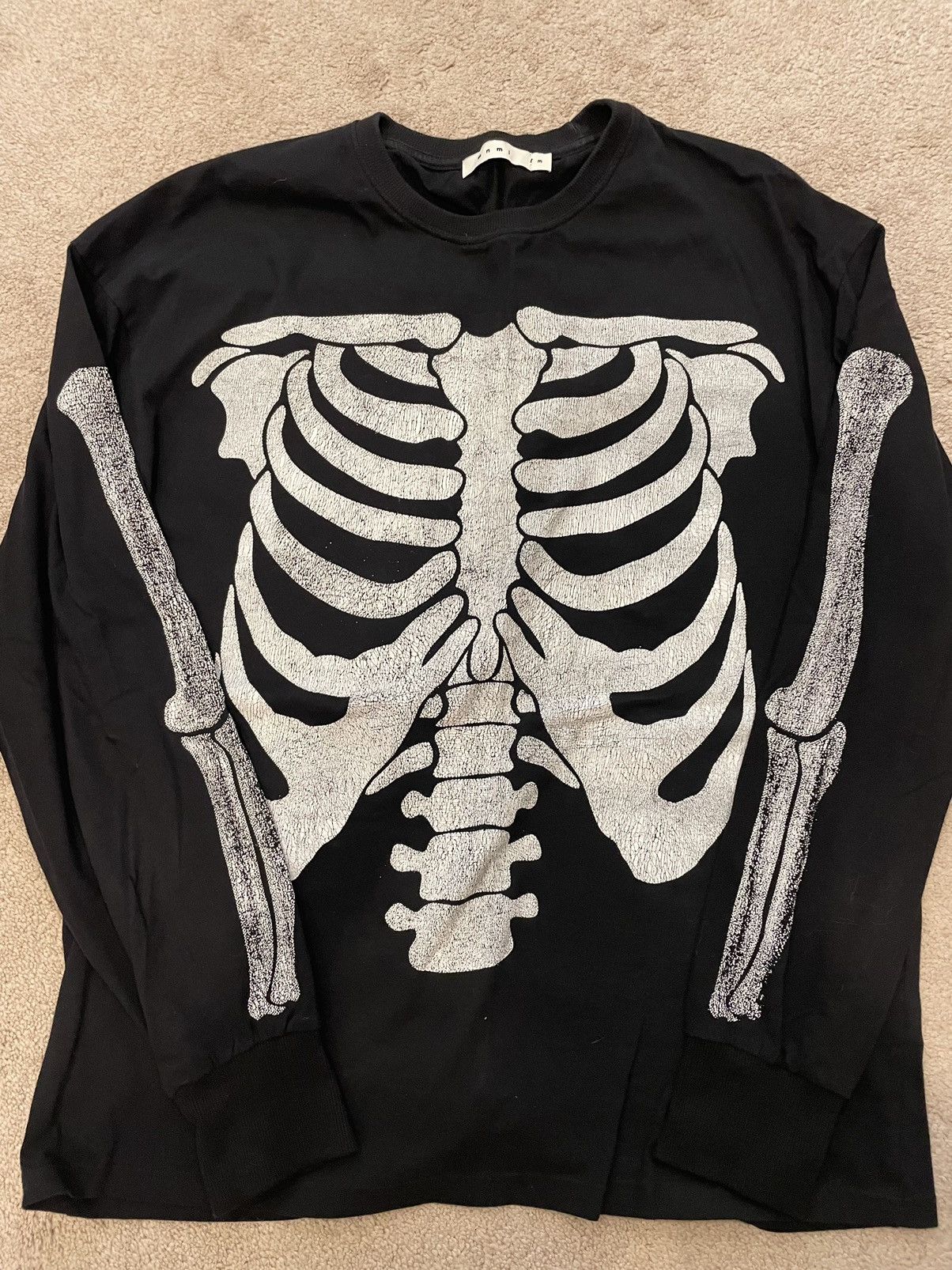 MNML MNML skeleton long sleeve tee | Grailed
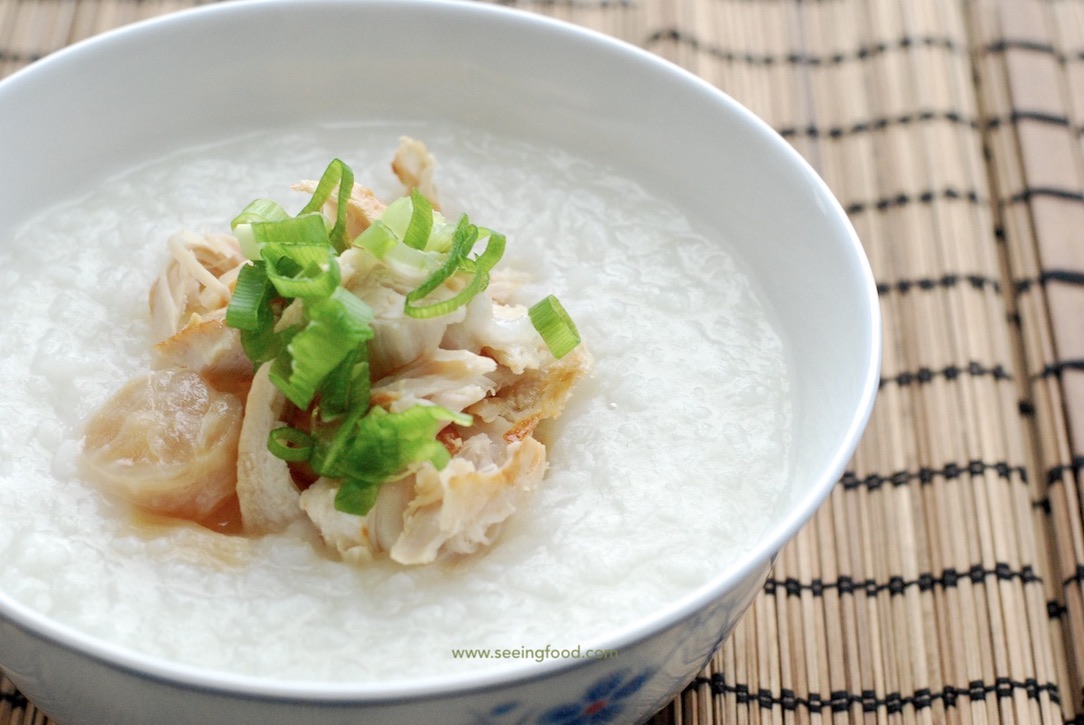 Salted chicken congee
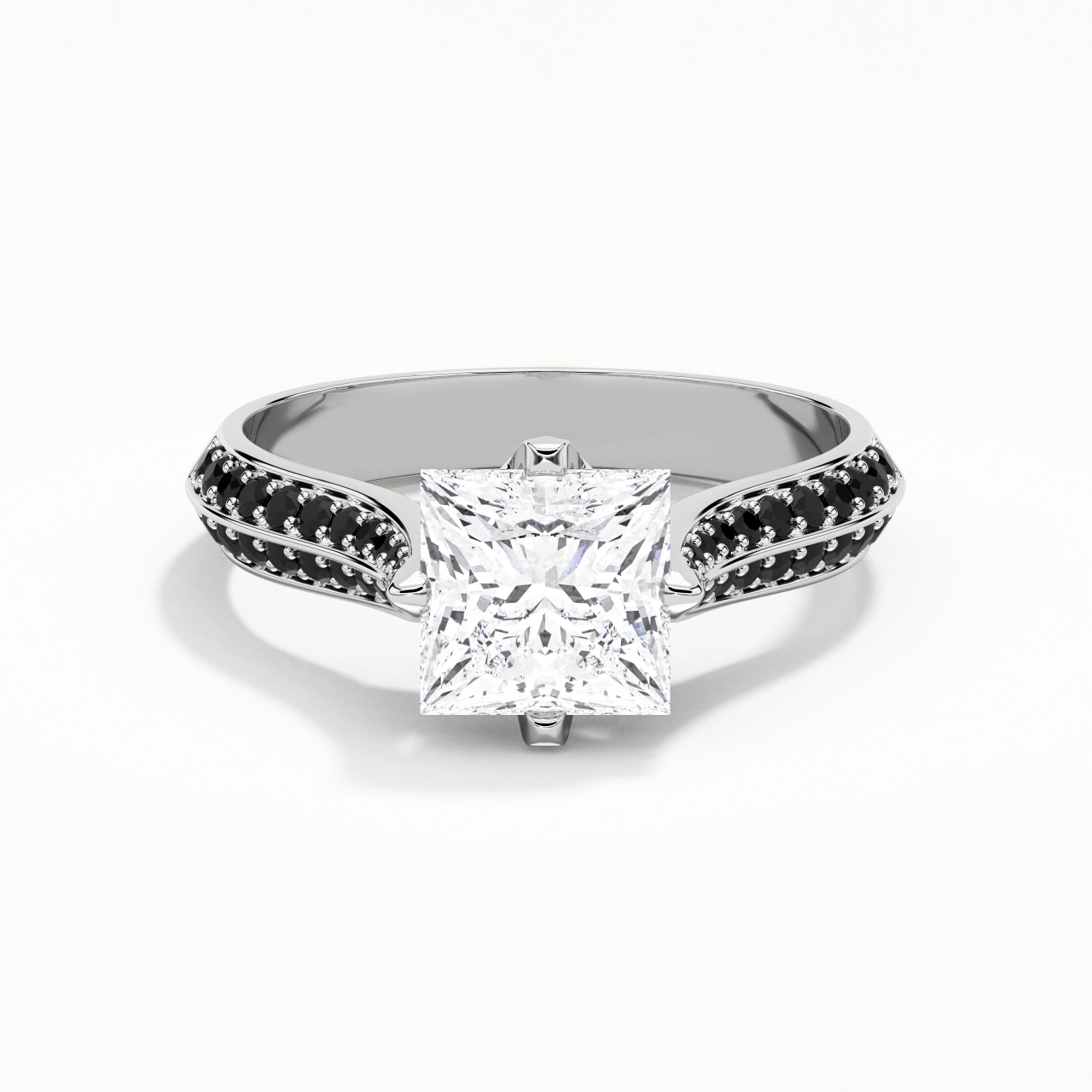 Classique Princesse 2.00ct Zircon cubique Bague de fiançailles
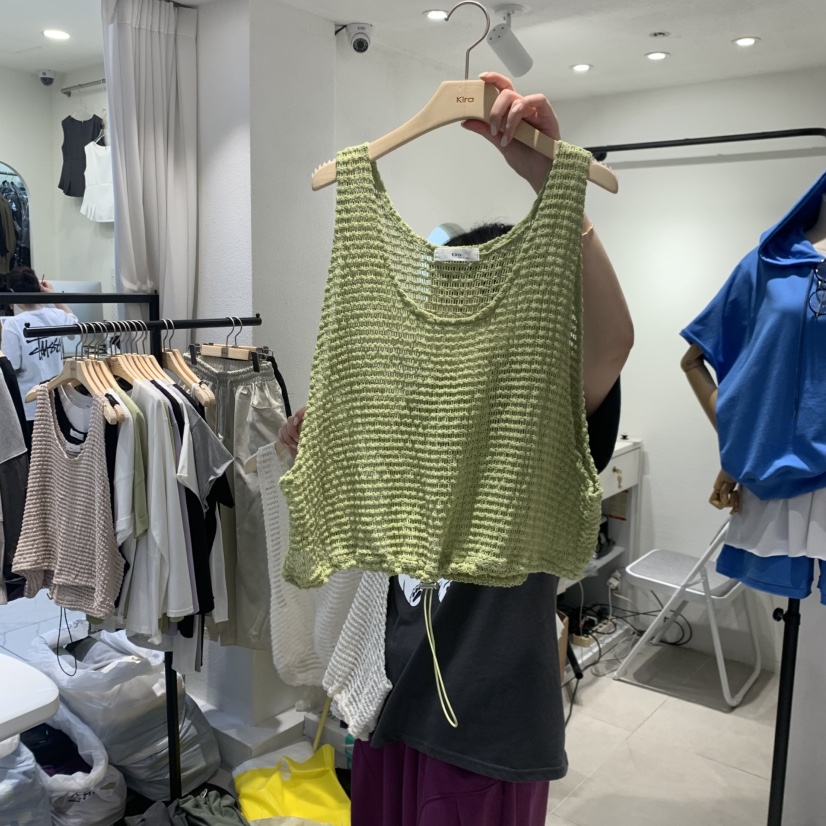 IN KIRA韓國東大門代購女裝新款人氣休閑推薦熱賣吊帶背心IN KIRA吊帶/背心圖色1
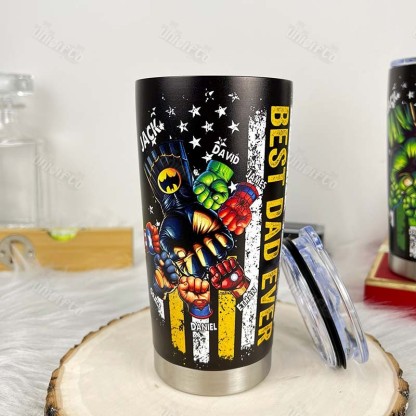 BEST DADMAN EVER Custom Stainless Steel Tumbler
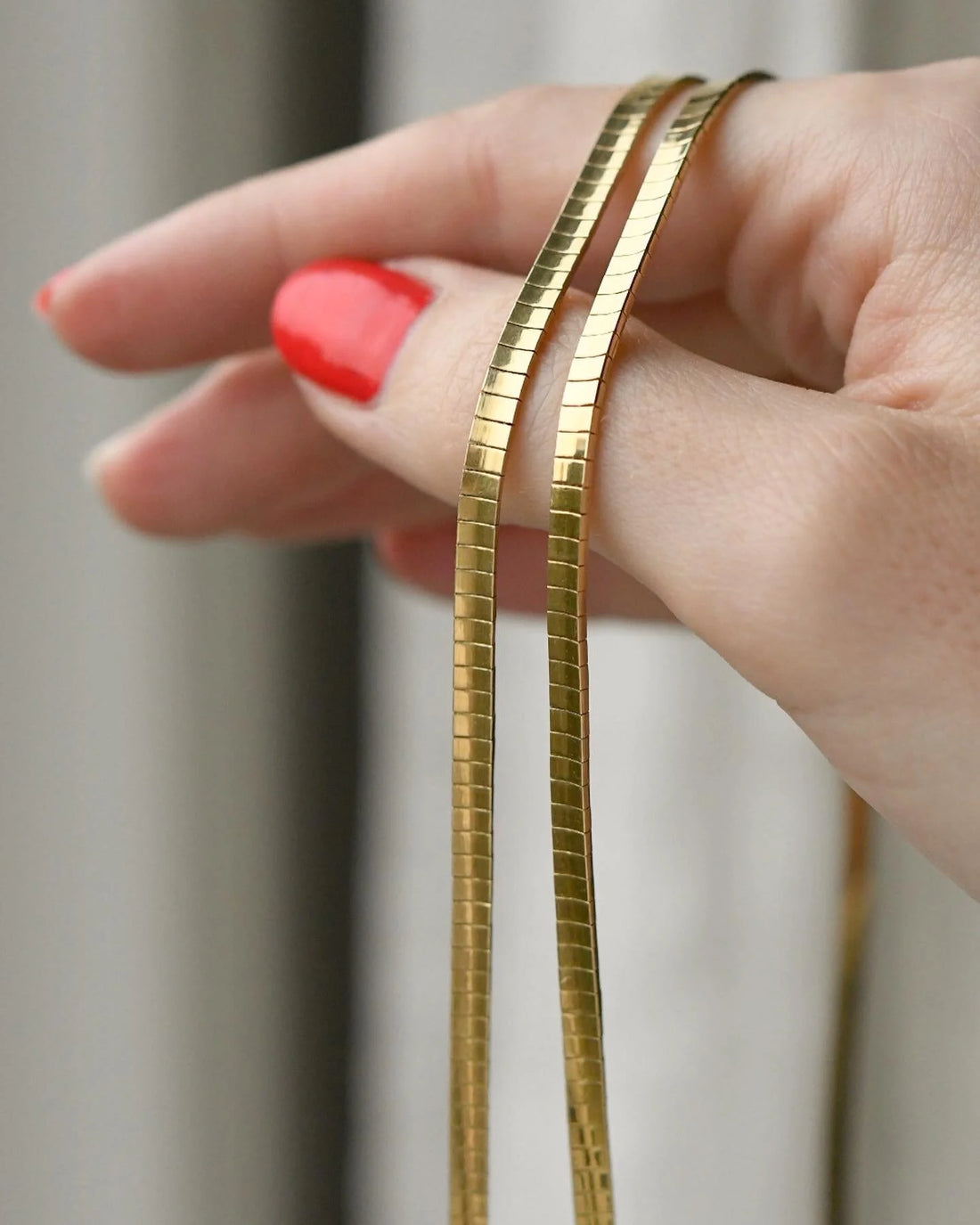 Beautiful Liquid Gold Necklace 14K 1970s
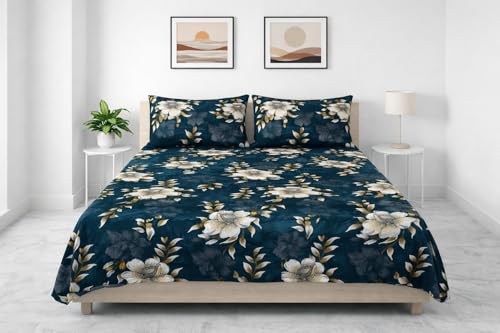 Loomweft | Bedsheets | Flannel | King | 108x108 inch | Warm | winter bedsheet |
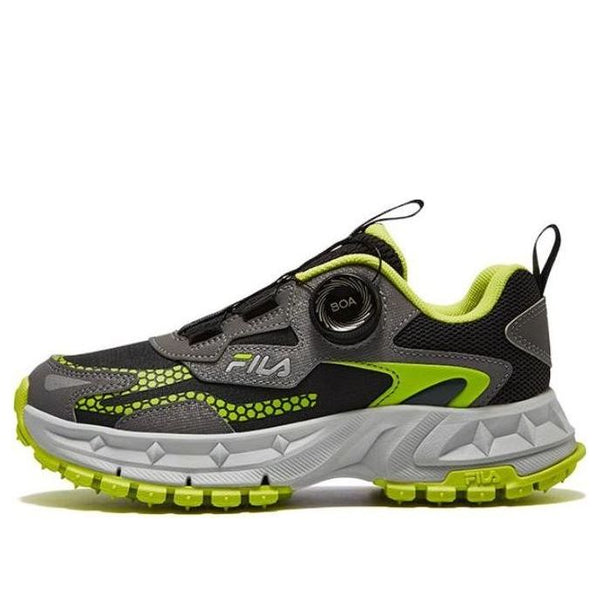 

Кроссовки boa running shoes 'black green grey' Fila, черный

* What the exercise asks
Could you print the data exactly as it appears and keep the pictures out?

* Finished exercise
 MNML MNML skeleton long sleeve tee | Grailed
 Salted chicken congee
 Classique Princesse 2.00ct Zircon cubique Bague de fiançailles
 IN KIRA韓國東大門代購女裝新款人氣休閑推薦熱賣吊帶背心IN KIRA吊帶/背心圖色1
 BEST DADMAN EVER Custom Stainless Steel Tumbler
 Beautiful Liquid Gold Necklace 14K 1970s
 Loomweft | Bedsheets | Flannel | King | 108x108 inch | Warm | winter bedsheet |

Кроссовки boa running shoes 'black green grey' Fila, черный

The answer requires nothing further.